Benchmarking of computational costs highlighted that ART and wgsim outperformed all other methods under single-threaded conditions whereas Mason outperformed ISS under multi-threaded conditions (Fig. 3).

Discussion

A faithful representation of empirical data is of great importance when using synthetic datasets to evaluate the performance of, and characterize the uncertainty in, computational pipelines. Read mapping statistics highlighted that synthetic reads closely resembled the distinct genomic regions of the reference assembly that they were simulated from. The mapping of these short reads can be complicated by repeat structures in the genome, such as the simple sequence repeats enriched in the telomeres of many species, which often results in reduced coverage in these regions in real applications (Li and Freudenberg 2014)—a pattern that is faithfully replicated, with increasing synthetic read length resulting in larger “edge effects”.

Although nearly all software packages sampled reads uniformly across the genome, three of the six tested tools over- or under-sampled reads with respect to the requested read number/coverage—a behavior that may pose issues in certain applications, for example when benchmarking the effect of genomic coverage on variant calling. Complicating the issue even further, neither the standard kernel density estimator model (Basic), the built-in platform-specific error models (HiSeq-126bp, NovaSeq-151bp, and MiSeq-301), nor the custom advanced model in ISS mimicked the fragment length distribution of the Illumina dataset well.
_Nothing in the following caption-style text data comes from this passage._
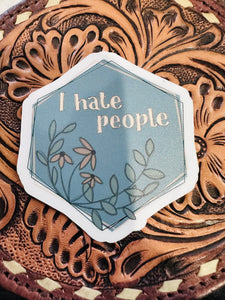 I HATE PEOPLE STICKER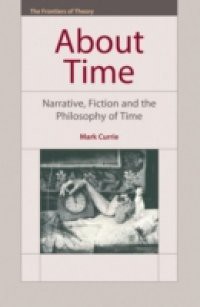 About Time: Narrative, Fiction and the Philosophy of Time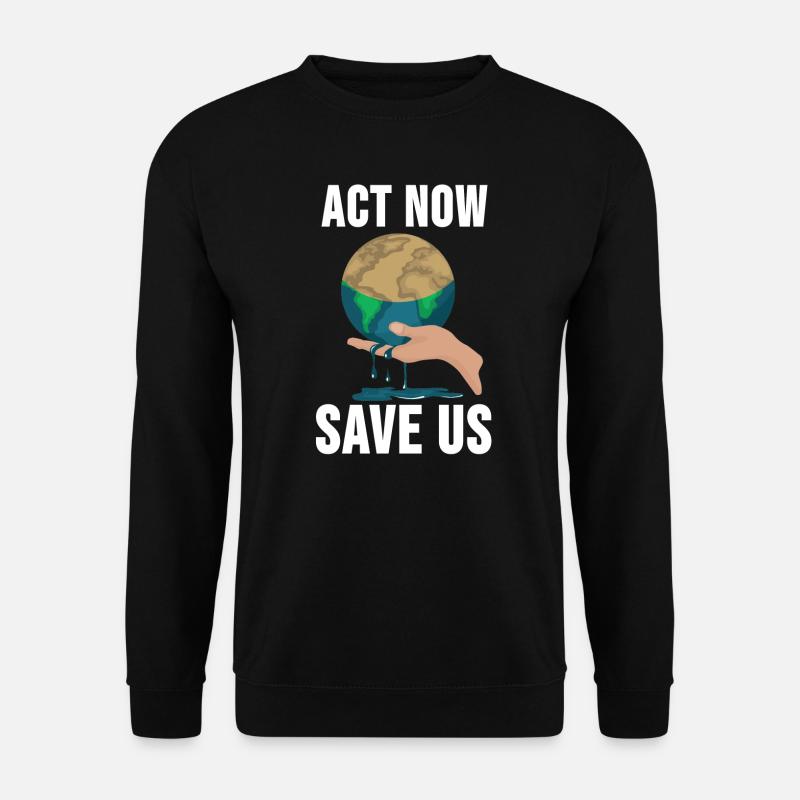 Environmental Shirt Climate Change Eco Environmental Gift - Unisex Sweatshirt - black
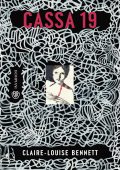 Claire-Louise Bennett - Cassa 19 (2023)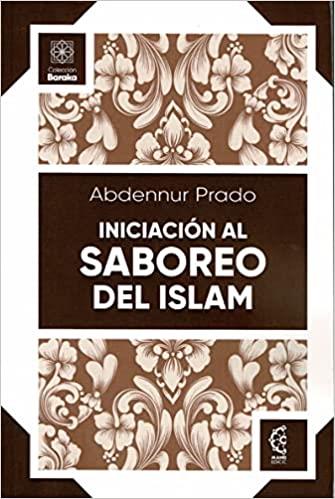INICIACIÓN AL SABOREO DEL ISLAM | 9788418672811 | PRADO,ABDENNUR | Libreria Geli - Librería Online de Girona - Comprar libros en catalán y castellano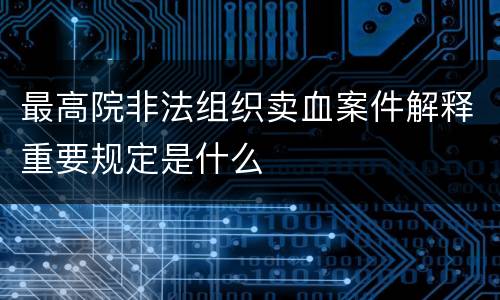 最高院非法组织卖血案件解释重要规定是什么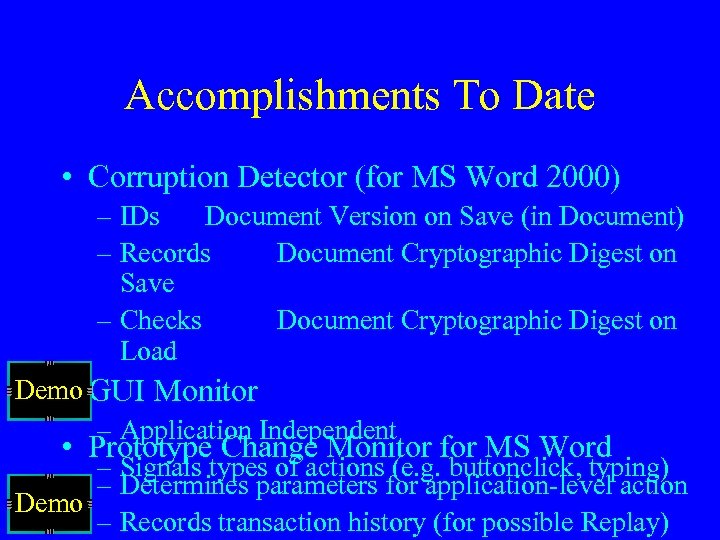 Accomplishments To Date • Corruption Detector (for MS Word 2000) – IDs Document Version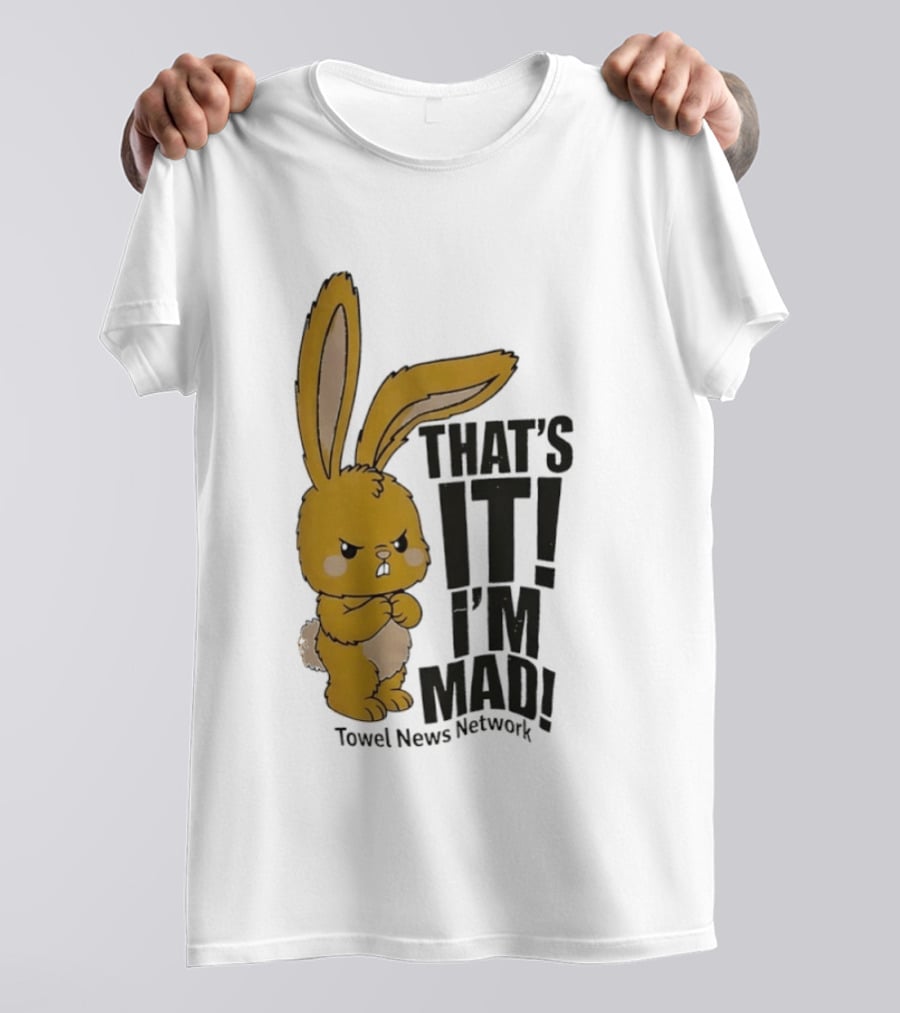 Angry Bunny Towel News Network That's It I'm Mad T-Shirt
The probability of an error (P_err) is directly related to the base quality score (q) emitted by the sequencer (P_err = 10^(−q/10)), with error profiles varying by sequencing technology (Dohm et al. 2008; Nakamura et al. 2011). In Illumina sequencing, substitution errors increase (and hence quality scores decrease) as a function of the base position in the read due to reduced signal intensity (Kircher et al. 2009). In contrast, insertion and deletion errors, which occur at a much lower rate than substitutions (in the order of 10⁻⁶ compared to 10⁻³ errors per base), tend to be more evenly distributed across the length of the read (Schirmer et al. 2016). Importantly though, error rates are generally not equal between two reads in a pair, with error rates in forward reads being often much lower (up to half) than those observed in reverse reads (Schirmer et al. 2016). In addition, error rates depend on the fragment length, with higher error rates in longer fragments (Tan et al. 2019). Although substitution error rates of the synthetic reads from all simulators closely resemble those expected from Illumina data (at 10⁻³ errors per base), insertion and deletion error rates are an order of magnitude lower in ART (10⁻⁷) and higher in Mason and NEAT (10⁻⁵) than expected. At the same time, only the error profiles of Mason (all simulated models) and ART (simulations under the HiSeq 2500–125 bp, HiSeqX PCR-free, HiSeqX TruSeq, and MiSeq v.1 models) mimic both the increase in substitution rate towards the end of the reads as well as the relatively constant rate of insertions and deletions. As anticipated, most substitution errors in ART and NEAT occur at sites with low base quality scores (≤15) but the majority of insertion errors exhibit medium to high-quality scores (>20). In contrast, both substitution and insertion error rates are elevated at high-quality scores (around 40) in Mason. It should further be noted that neither differences in error rates between forward and reverse reads nor differences due to fragment length are implemented/observed in any of the tested models.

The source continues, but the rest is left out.